Publicado novo pacote fiscal para a habitação

Luis Freire - Polisteoria

26/05/2026

Foi publicado em Diário da República o novo pacote fiscal para a habitação, que introduz alterações significativas no regime aplicável à construção, reabilitação, arrendamento e investimento imobiliário.

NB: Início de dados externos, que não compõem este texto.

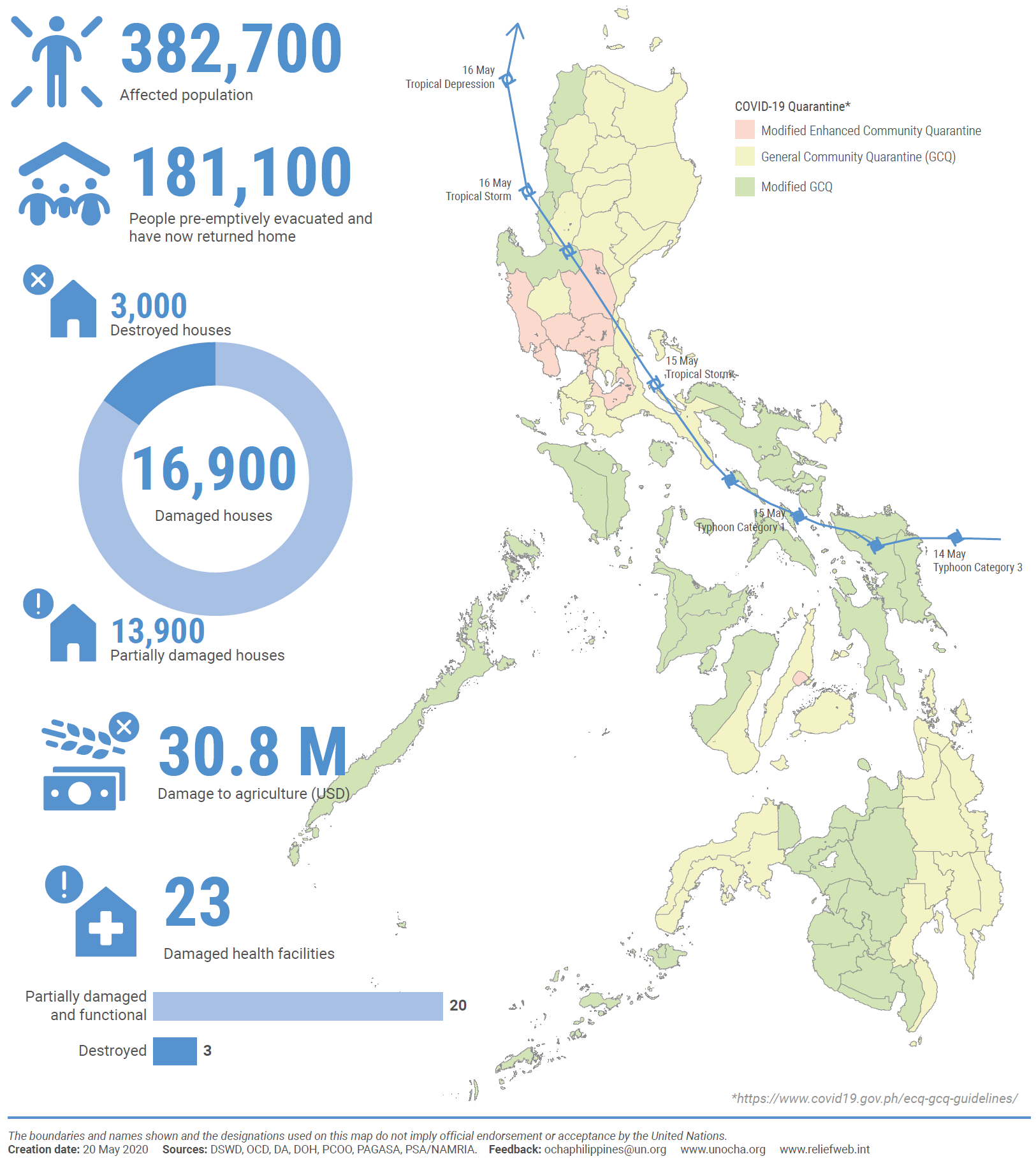 Asia And The Pacific - Typhoon Vongfong Leaves Trail Of Damage As The ...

Entre as principais medidas destaca-se a alteração ao regime do IVA reduzido de 6% na construção e reabilitação de habitação própria e permanente. O Governo eliminou a obrigação de o proprietário manter o imóvel como residência permanente durante, pelo menos, 12 meses para conservar o benefício fiscal.

 

Assim, os adquirentes de imóveis que beneficiem da taxa reduzida de IVA deixam de estar obrigados a devolver a diferença entre a taxa reduzida e a taxa normal, mesmo que o imóvel deixe de ser a sua habitação própria e permanente antes de decorrido esse prazo. Face à versão inicialmente saída da Assembleia da República, foi retirada a penalização em sede de IVA, passando a aplicar-se apenas um agravamento de 10% no IMT.

 

Para aceder à taxa reduzida de IVA, o imóvel deverá ser transmitido no prazo máximo de 24 meses após a emissão da licença de utilização. O título aquisitivo terá também de fazer menção expressa à aplicação da taxa reduzida de 6%.

 

A medida relativa ao IVA produzirá efeitos a partir de 1 de julho. No entanto, apenas serão abrangidas as obras cujo processo de licenciamento tenha sido iniciado entre 23 de setembro de 2025 e 31 de dezembro de 2029, desde que a exigibilidade do imposto ocorra a partir de janeiro de 2026.

 

Para além da redução do IVA, o diploma prevê um conjunto de medidas fiscais orientadas para o reforço da oferta habitacional e para a dinamização do mercado de arrendamento. Entre estas medidas incluem-se reduções em sede de IRS e IRC sobre rendimentos prediais provenientes de contratos de arrendamento, até ao limite de renda moderada de 2.300 euros, sendo o regime aplicável também a contratos já em vigor.

 

Está igualmente prevista a exclusão de tributação em IRS das mais-valias imobiliárias quando o valor de realização seja reinvestido em imóveis destinados ao arrendamento habitacional.

 

No âmbito do IRS, o limite anual da dedução das rendas suportadas pelos arrendatários será aumentado de forma progressiva, passando para 900 euros em 2026 e para 1.000 euros no ano seguinte.

 

O pacote fiscal contempla ainda o Regime Simplificado de Arrendamento Acessível, que estabelece limites máximos de renda com base em 80% da mediana do valor de renda por metro quadrado em cada concelho.

 

A maioria das medidas previstas no diploma terá efeitos retroativos a 1 de janeiro de 2026.

 

Por último, o diploma introduz também os Contratos de Investimento para Arrendamento, que constituem um instrumento específico de incentivo ao investimento em habitação. Estes contratos poderão conceder benefícios fiscais por um período até 25 anos, aplicáveis a operações de construção, reabilitação ou aquisição de imóveis destinados ao arrendamento ou subarrendamento habitacional, estando a sua entrada em vigor prevista para setembro de 2026.